If you want to watch unlinkedDir on a Windows machine, add a trigger for error and handle it like so...

        watcher.on('error', error => {
            // Ignore EPERM errors in windows, which happen if you delete folders...
            if (error.code === 'EPERM' && require('os').platform() === 'win32') return 
            // Otherwise, display the error...
            console.log(error)
        })

This issue does not exist on Mac or Linux OSes.

Example watch report script...

module.exports = ({app, watcher, config, util}) => {
  watcher.on('ready', () => {
      // Can watch these events too: add, unlink, addDir, unlinkDir, error
      watcher.on('add', async path => {
        // As an example, get the total server memory percent used, and which file changed...
        const stat = await app.services.status.find()
        console.log(`(Mem used: ${stat.system.memory.percentUsed}). A new file has been uploaded: "${path}"`)
      })
  })    
}

console.log('Watcher script setup completed.')

server.port

Default

{ from: 8000, to: 8999 }

If you specify a number, the server will not start unless that port is free. If you specify a range using an object with "from" and "to" variables (i.e. { from: startingPort, to: endingPort }), the server will find the first free port within that range. The port that was chosen will be available to your application using config.server.port

server.mode

Default

http

If you specify 'https', the server will also expect a key and cert value that point to valid respective files. That's all you need to activate HTTPS. If you enable HTTPS, WebSocket will also operate in WSS automatically, making your entire connection secure.

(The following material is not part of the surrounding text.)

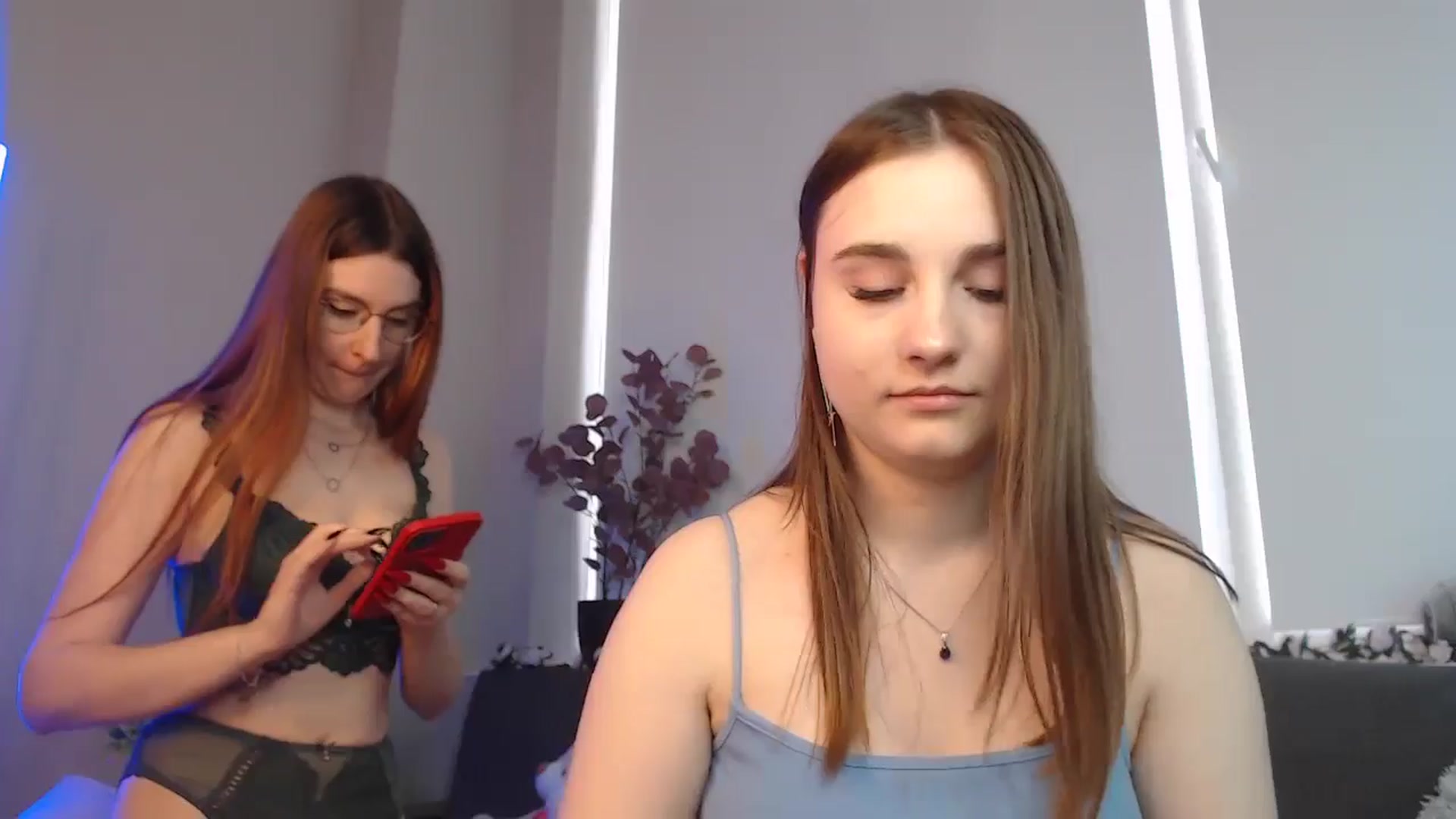 Gallery image thumbnail from LaneyGrey's myfreecams stream on, 08/28/2024, 10:04 image 16 of 20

You cannot listen to HTTP and HTTPS at the same time for security reasons. If you want to do this, fire up a second gateway. We feel it's so important to isolate HTTP/HTTPS traffic that we don't believe you should mix code running in both.

Technical details

Entry point

Acter logic starts at src/index.js The logo is drawn, configuration is loaded, and the platform is started. Acter uses debug under the hood and starts with 'acter'.

Logging

When your service executes console.log() statements it will prepend a date/timestamp and send it to standard out. Use any service management strategy to output what it logs to files or datasources.